Zu all dem gesellt sich noch das Missgeschick für die Konservativen, keine Regierung ohne Unterstützung durch die reaktionäre Democratic Unionist Party (DUP) Nordirlands stellen zu können. Ein Pakt mit dieser beinhaltet das Risiko, die Machtteilung in Ulster mit Sinn Fein im Rahmen des Karfreitagsabkommens in Frage zu stellen. Das könnte das Ende des dortigen „Friedensprozesses“ nach sich ziehen. Zudem stößt ein harter Brexit mit der Wiederaufnahme der Grenzkontrollen zur Republik Irland schon aus ökonomischen Gründen auf den Widerstand sogar der DUP.
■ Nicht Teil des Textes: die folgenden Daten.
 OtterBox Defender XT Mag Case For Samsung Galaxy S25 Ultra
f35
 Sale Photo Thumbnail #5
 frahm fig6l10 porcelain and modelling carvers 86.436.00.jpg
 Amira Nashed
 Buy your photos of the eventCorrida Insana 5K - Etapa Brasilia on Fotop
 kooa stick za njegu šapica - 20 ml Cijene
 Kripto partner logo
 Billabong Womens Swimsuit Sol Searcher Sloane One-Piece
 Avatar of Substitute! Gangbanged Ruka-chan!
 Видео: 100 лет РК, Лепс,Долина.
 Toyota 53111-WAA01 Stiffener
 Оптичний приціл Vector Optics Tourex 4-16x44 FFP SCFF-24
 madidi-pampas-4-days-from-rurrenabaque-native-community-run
Der mächtigste Unternehmerverband CBI, Labour, die Liberalen DemokratInnen, die schottischen Tories und die DUP sprechen sich alle für einen weichen Brexit aus, so dass das Regierungslager bei den Austrittsverhandlungen lavieren muss – mit ungewissem Ausgang! Von allen größeren Volkswirtschaften scheint zur Zeit sich allein das Vereinigte Königreich auf Talfahrt zu befinden. Nach der Brexit-Entscheidung versiegen die Unternehmensinvestitionen und Kapitalströme durch das Finanzzentrum der Londoner City. Das BIP wuchs im 1. Quartal 2017 lediglich um 0,2 %.
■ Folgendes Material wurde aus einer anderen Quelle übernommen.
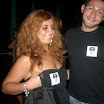 DSCN1219.JPG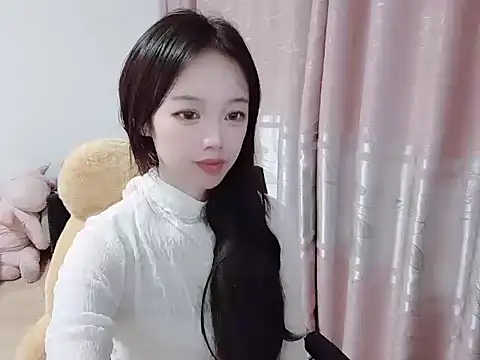 Snapshot of wwcc123 chatting on 11-02-25, 03:14 wwcc123 online show from 11-02-25, 03:14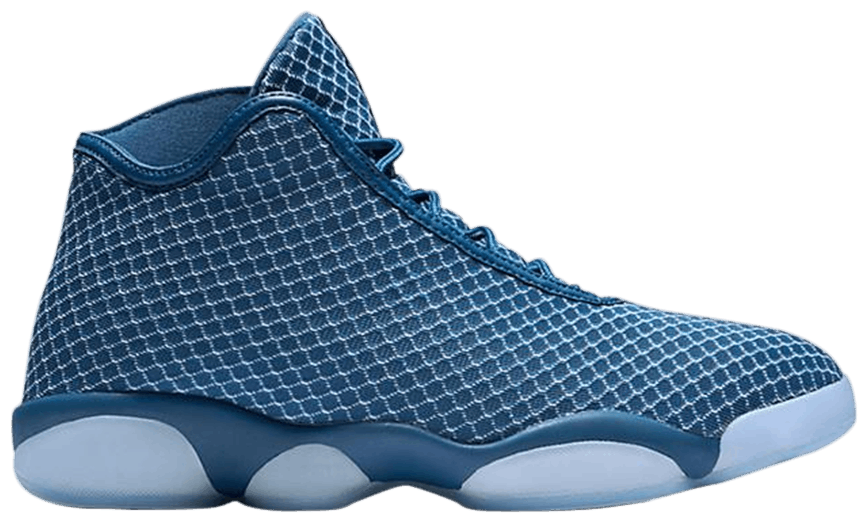 Buy Jordan Horizon 823581 400 GOAT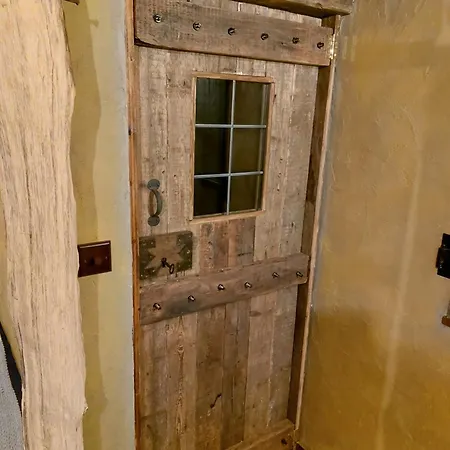 A Little Bit Of Magic - Witchcraft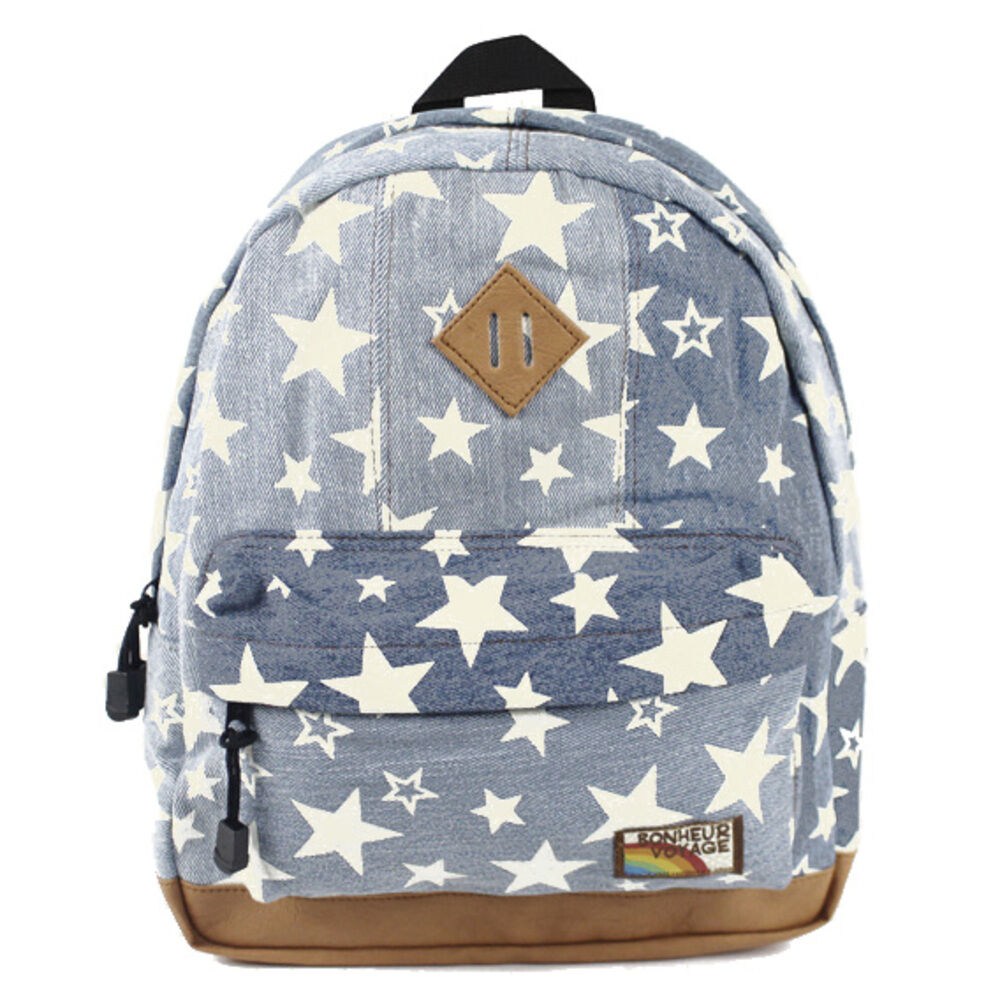 BACKYARD FAMILY「リュック キッズ 通販 女の子 男の子 ブランド モメンタムキッズ 小学生低学年 通園バッグ」|その他ベビー用品|ホワイト1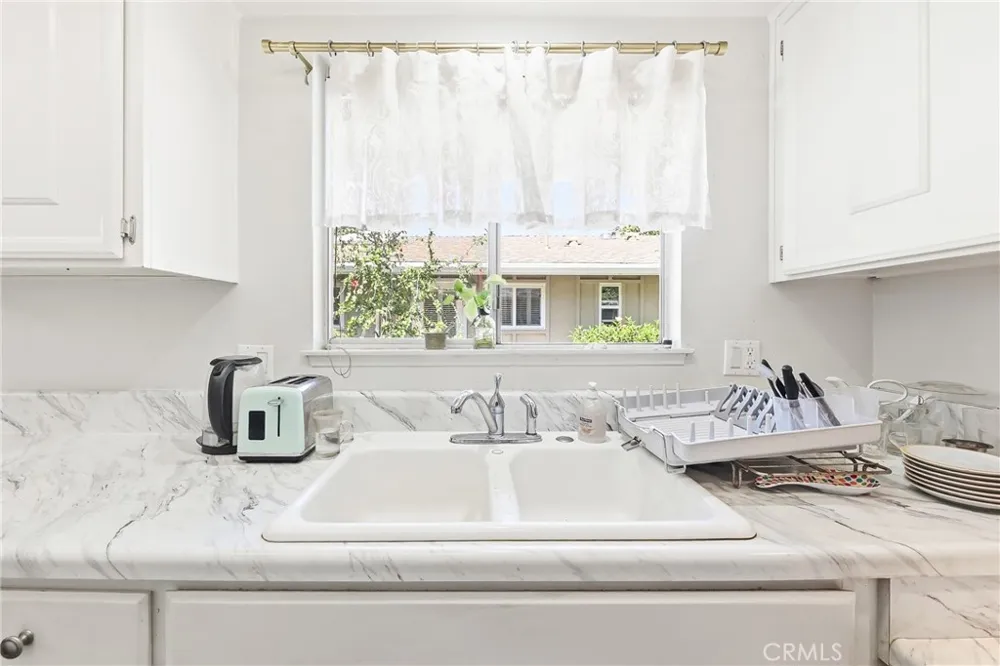 649 Avenida Sevilla # A Laguna Woods, CA 92637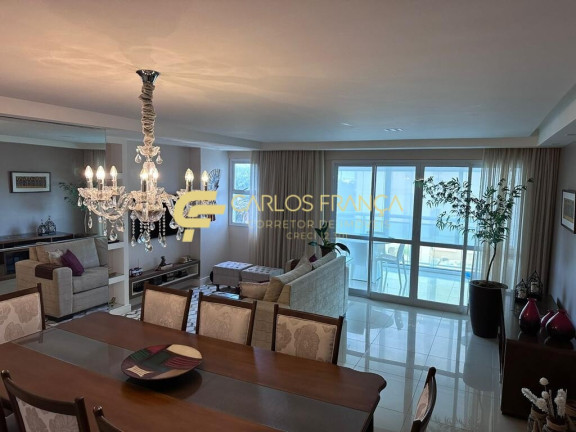 Imagem Apartamento com 3 Quartos à Venda, 126 m² em Piatã - Salvador Imagem Apartamento com 3 Quartos à Venda, 126 m² em Piatã - Salvador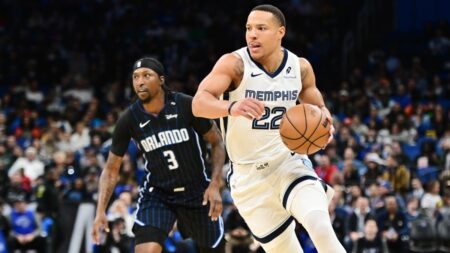 Report – NBC Sports Boston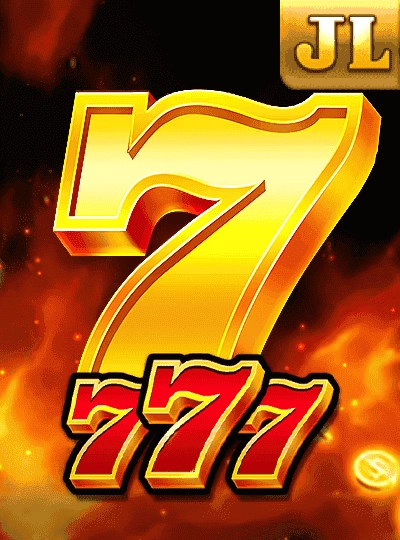 nnk88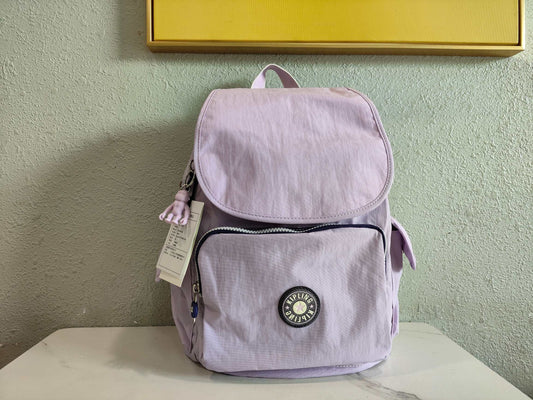 KIP BAG-325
Labours Manifest „For The Many Not The Few“

Dieser Wahlkampf gestaltete sich v. a. als Schlacht um die Wahlprogramme. Das der Tories musste vor der Wahl entschärft werden, so viele widerliche neoliberale Klauseln enthielt es. So geriet nicht das Thema Brexit in den Mittelpunkt, wie May erhofft hatte, sondern Corbyns Labour Party konnte sich auf die Spar- und Kürzungspolitik der vergangenen Regierungen einschießen.
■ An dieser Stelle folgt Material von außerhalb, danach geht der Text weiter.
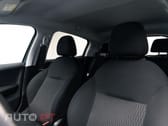 Peugeot 208 1.2 PureTech Allure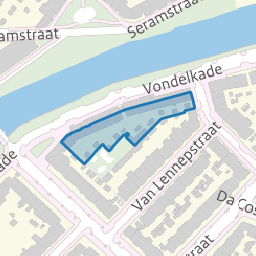 Perceel ZLE00-B-6243
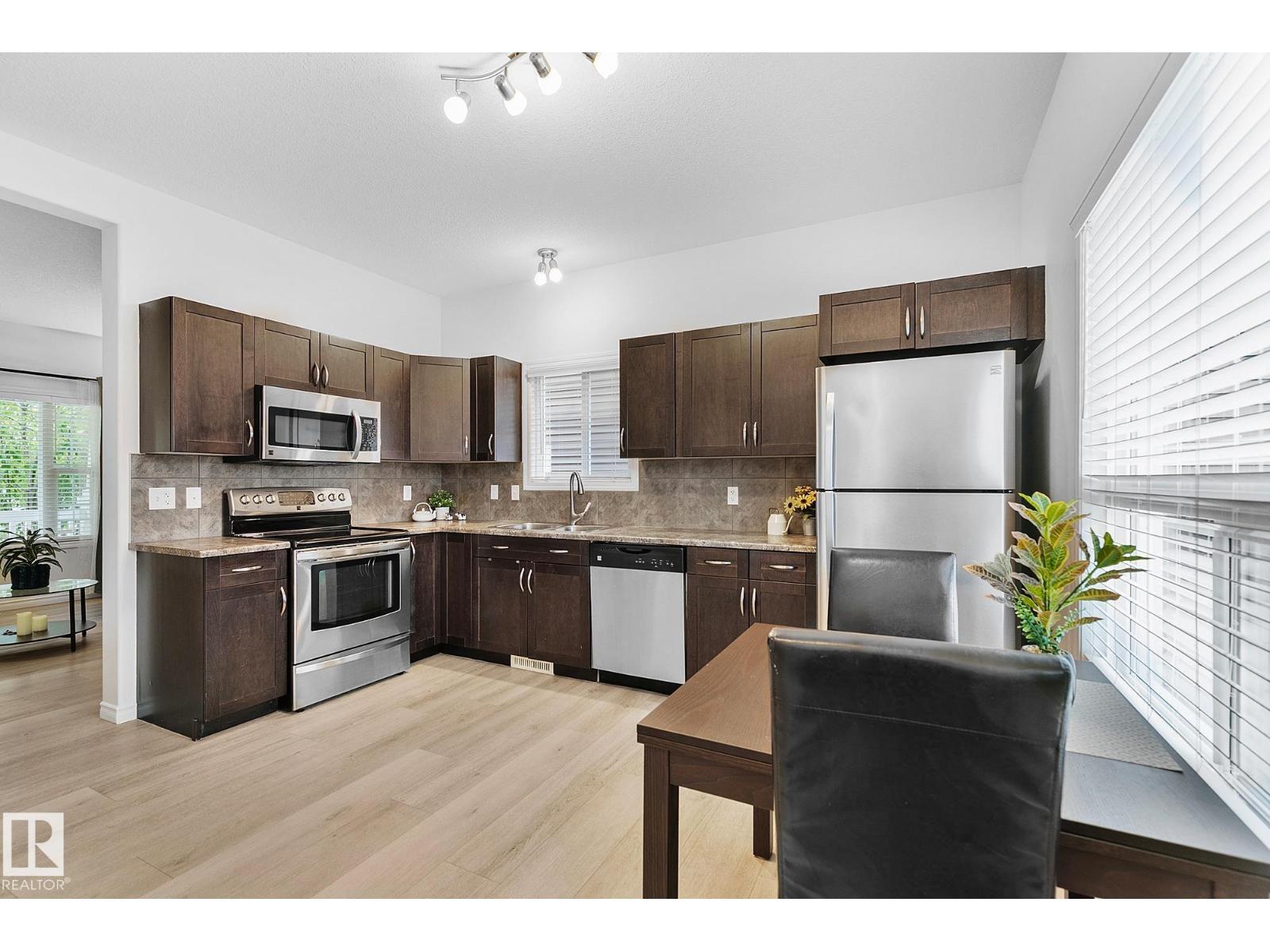 4206 Orchards Dr Sw, Edmonton, Alberta  T6X 1N9 - Photo 13 - E4460522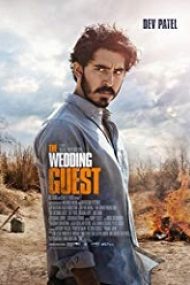 The Wedding Guest 2018 film hd subtitrat in romana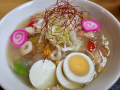 ガタタン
Im Vergleich zu Labours Wahlaussagen der letzten 25 Jahre fiel ihr Manifest als geradezu links, ja sozialistisch aus. Doch ist es sicher nicht linker als die von 1945, 1974 oder 1983 und weit entfernt davon, revolutionär zu sein. Doch enthält es genug Themen und Reformvorschläge, die als Basis für eine anti-konservative Offensive herhalten können. Aber sie müssen mit Forderungen nicht nur ans Parlament verbunden, sondern an die Partei und die Gewerkschaften im ganzen Land gerichtet werden mit dem Gebot, dafür auf den Straßen zu agitieren und den Weg direkter Aktionen einschließlich Streiks und Betriebsbesetzungen einzuschlagen.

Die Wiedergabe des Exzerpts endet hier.